:: INFORMATION SUPPLIED ::
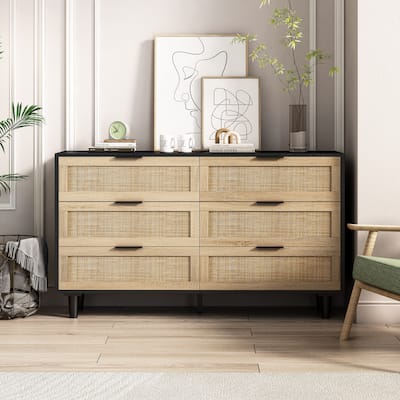 6-Drawers Rattan Storage Cabinet Rattan Drawer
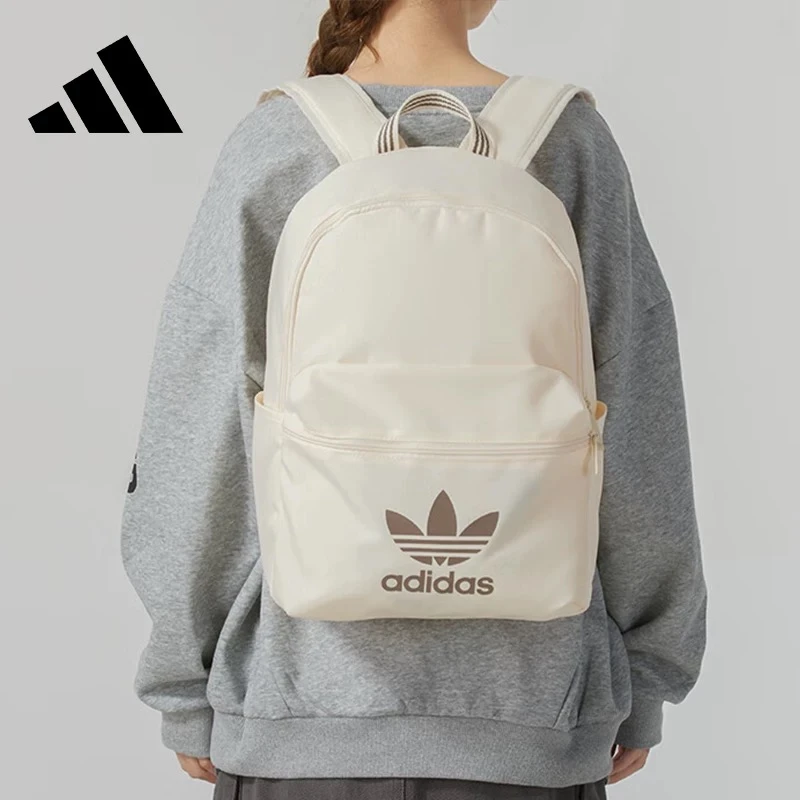 阿迪达斯三叶草白色双肩包书包官方正品初高中生大容量轻便JJ4160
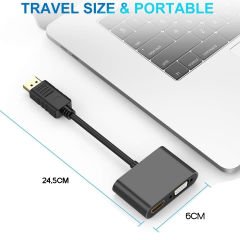 Microcase Displayport To HDMI + VGA Kablo Port Çevirici Dönüştürücü- AL4809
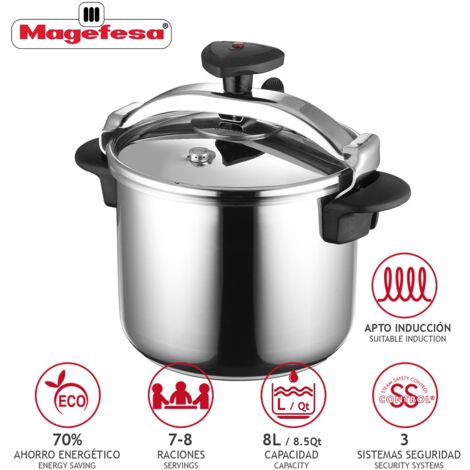 Olla coc pres 08lt tradicionall recta inox star magefesa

:: TO DO ::
Copy out all of the listing word for word, but skip the images.

:: SOLVED PROBLEM ::
 6-Drawers Rattan Storage Cabinet Rattan Drawer
 阿迪达斯三叶草白色双肩包书包官方正品初高中生大容量轻便JJ4160
 Microcase Displayport To HDMI + VGA Kablo Port Çevirici Dönüştürücü- AL4809
 Olla coc pres 08lt tradicionall recta inox star magefesa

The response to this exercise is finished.